Zwingli, Werke, II. B. 233. Bullinger, I. 263. Füssli, IV. 64.


The mass was gone. The preaching of the gospel and the celebration of the Lord’s Supper by the whole congregation, in connection with a kind of Agape, took its place.

The first celebration of the communion after the Reformed usage was held in the Holy Week of April, 1525, in the Great Minster. There were three services,—first for the youth on Maundy-Thursday, then for the middle-aged on Good Friday, and last for the old people on Easter.
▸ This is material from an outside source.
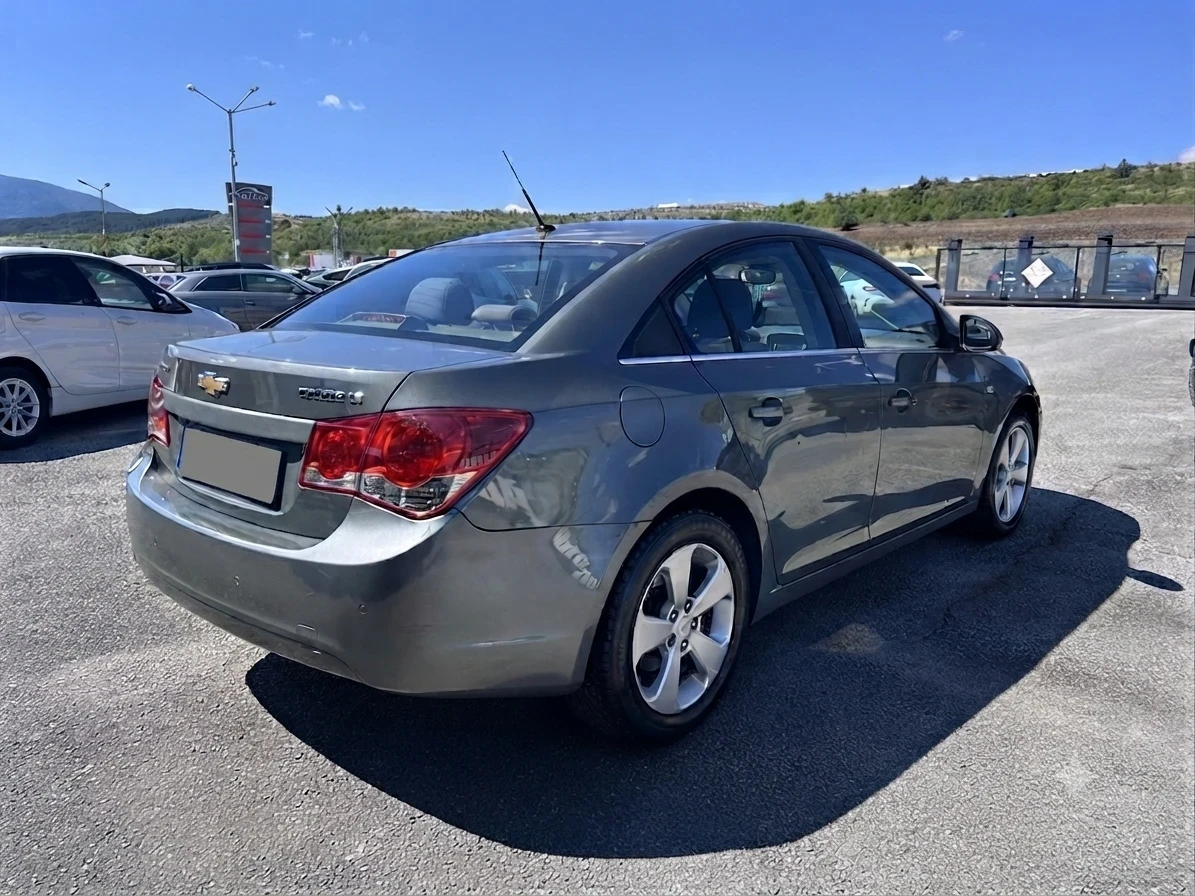 Chevrolet Cruze 2.0 d, снимка 4 - Автомобили и джипове - 55276149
The celebration was plain, sober, solemn. The communicants were seated around long tables, which took the place of the altar, the men on the right, the women on the left. They listened reverently to the prayers, the words of institution, the Scripture lessons, taken from the 1 Cor. 11 and the mysterious discourse in the sixth chapter of John on the spiritual eating and drinking of Christ’s flesh and blood, and to an earnest exhortation of the minister. They then received in a kneeling posture the sacred emblems in wooden plates and wooden cups. The whole service was a commemoration of Christ’s atoning death and a spiritual communion with him, according to the theory of Zwingli.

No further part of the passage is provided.